However, his offer to pay a reduced, but rising rent was refused. Eventually, he was offered a new rental agreement, with a 10-year break clause.
The Irish Times requested comment from Mr Gannon’s London-based lawyer, Joe Payne of Katten Law, which prompted a reply from a London-based property firm, Development Securities. “Unfortunately we aren’t able to comment on any details beyond what is in the public court records,” said a spokeswoman.
The chairman of Bolnore Village Residents’ Association, Carlos Leon, told the local newspaper, the Mid Sussex Times that the closure of Cuppa-licious had been “terrible news” for the village’s 2,000 residents. “They closed us in May. We came in one morning and the locks were on and the bailiffs were there,” Mr O’Riordan told The Irish Times.
By the end, Mr O’Riordan owed Gannon Properties approximately £9,000, but this figure grew to £12,000 once legal fees and other charges over Mr Gannon’s creditor’s bankruptcy petition were added.
The decision to seek his bankruptcy, he said, came as a surprise: “I told them that I didn’t have any other assets, that I wasn’t hiding anything. I asked the solicitor, ‘Why are you doing this?’ It has been horrendous.”

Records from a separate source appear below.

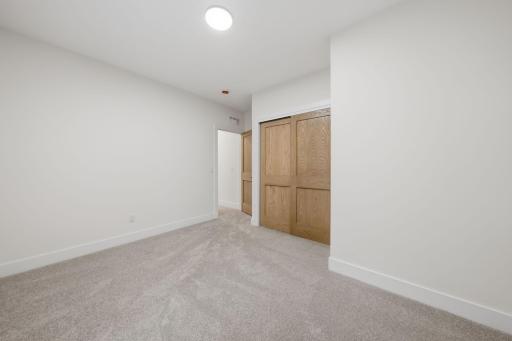 Photo of similar model - bedroom 1/2 in lower level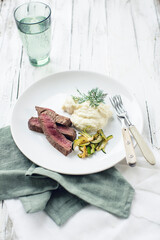 Beef steak on cauliflower puree with zucchini vegetables (low carb)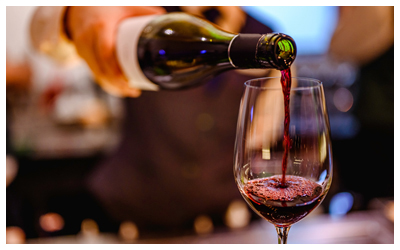 Image of a serving pouring wine into a tasting glass.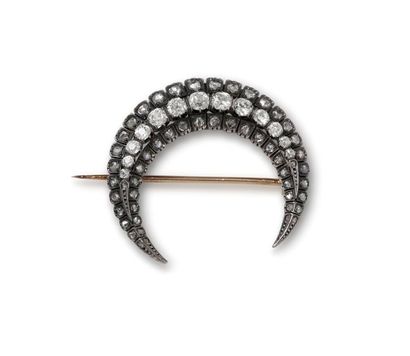 null Brooch in 18K (750/1000) pink gold and silver (800/1000) forming a crescent...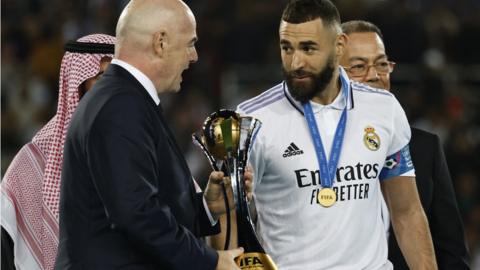 Fifa president Gianni Infantino presents the Fifa Club World Cup to Real Madrid's Karim Benzema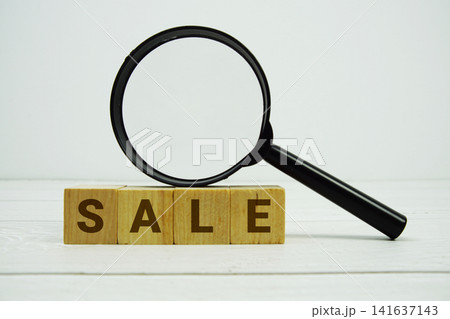 SALE alphabet letters with magnifying glass on wooden background SALE alphabet letters with magnifying glass on wooden background 141637143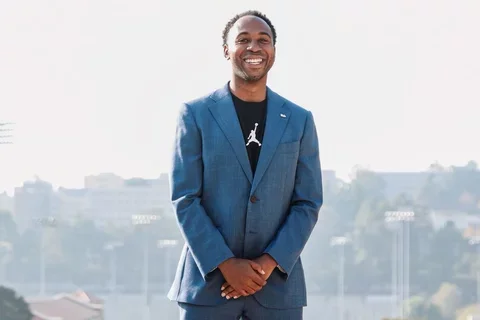 Martin Jarmond, standing with hands clasped, atop UCLA's Janss Steps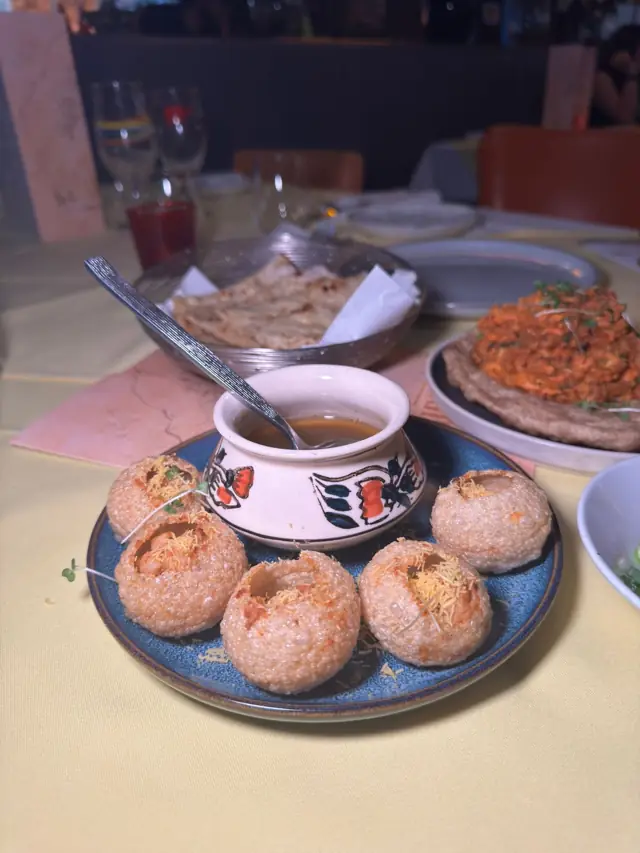 Crisp paani poori shells with a pot of spiced water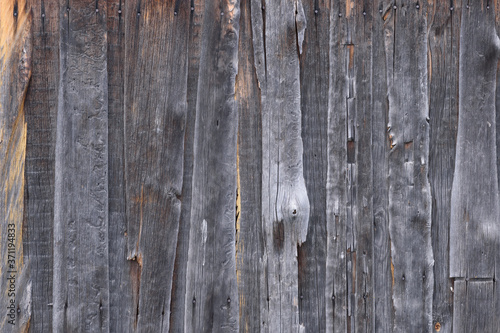 Wood texture. A fragment of a fence made of old wooden boards.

Under British rules, Mr O’Riordan’s affairs will be dealt with by an official receiver in Brighton for 12 months. His bankruptcy will be discharged in October 2014, if a court accepts that he has co-operated and has no hidden assets.
“We put £100,000 into the business, we never took a penny out of it. I was trying to sell it as a going concern. Not easy, admittedly,” said Mr O’Riordan.